表題番号:2021C-108 日付:2022/04/03
研究課題フランス諸都市における都市化と住民組織の形成史—都市公共交通整備の問題を中心に—
研究者所属(当時) 資格 氏名
(代表者) 商学学術院 商学部 准教授 國府 久郎
研究成果概要
 本研究ではフランスの都市化の過程において重要な役割を果たした、任意の住民組織である街区委員会の歴史的起源を調査し、こうした組織が形成されてきた地域の背景や社会的要因を明らかにすることを目的とする。フランスでは19世紀末から1930年代初頭までに、特に地方大都市において路面電車の路線網が整備され郊外化が進行した。

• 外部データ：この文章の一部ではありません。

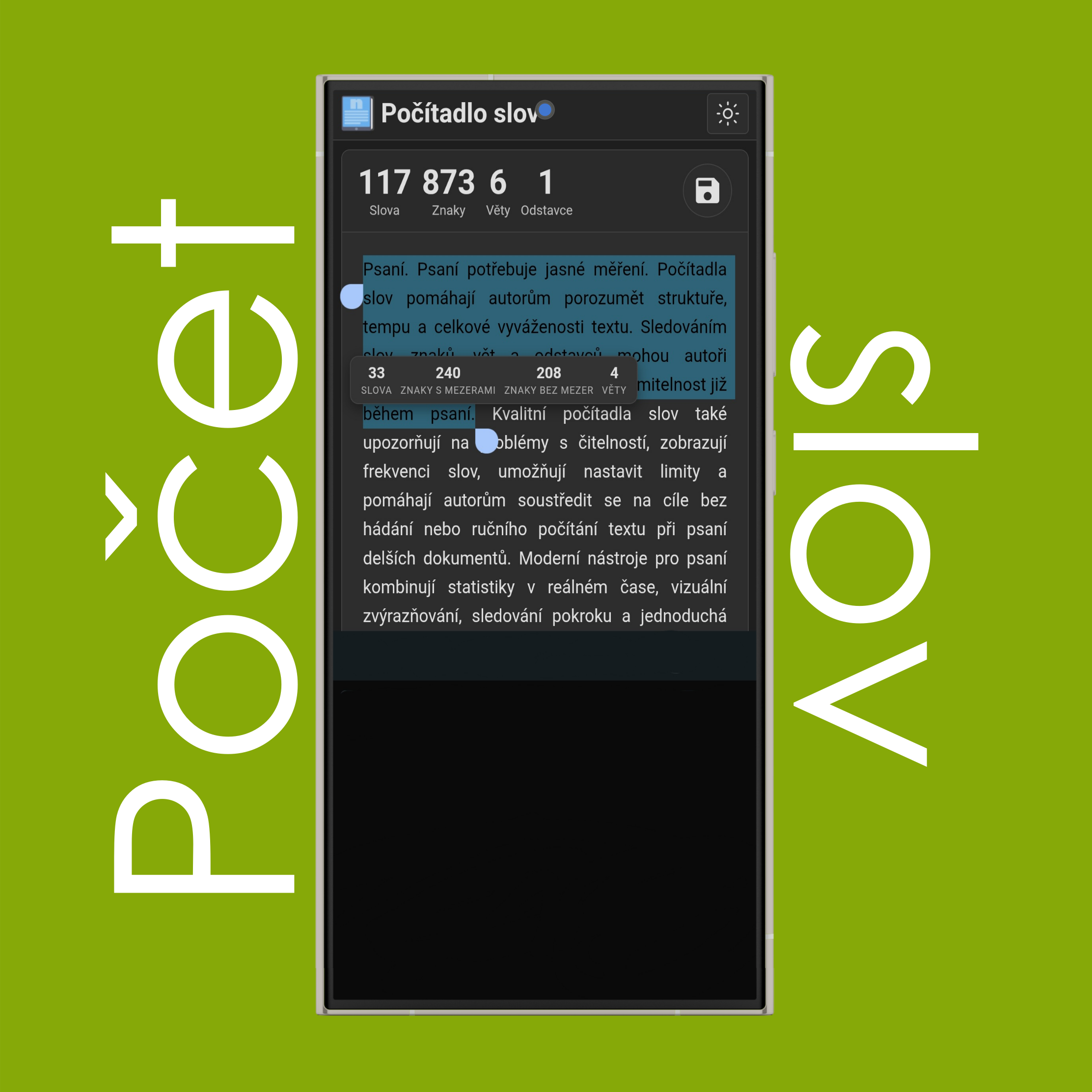 Počet slov, znaků (s mezerami i bez mezer) a vět pro vybraný text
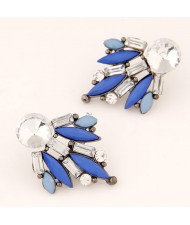 Shining Floral Pattern Rhinestone and Resin Gem Fashion Stud Earrings - Blue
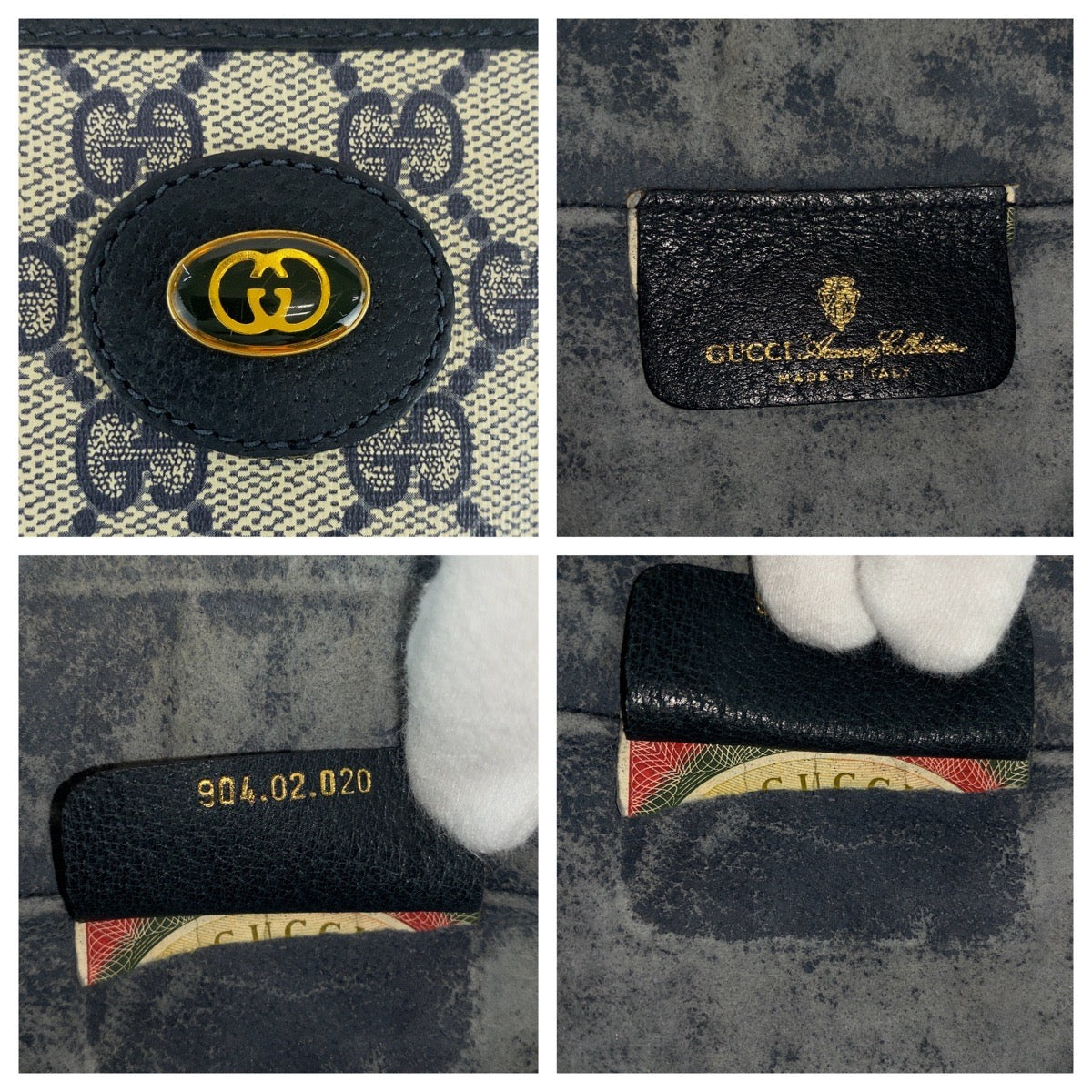GUCCI Shoulder Bag 904 02 020 GG Supreme canvas, leather Gray navy Shoulder Bag pochette Old Gucci Women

こうした都市化の過程で、街区委員会のような住民組織が徐々に形成された。自分たちの街区の現実的な問題に直面したときか、他の街区が改善された状況を見たときに、住民たちは請願書を提出することから始め、次に公開集会を開催し、そして街区委員会を結成した。住民たちの要求は生活環境全般についてであったが、遠い郊外の街区に関しては路面電車の路線敷設の問題が、住民組織の形成がなされる主要な要因であった。マルセイユでは、1900年以降は街区委員会が普及し、連盟も結成させるまでに至ったのである。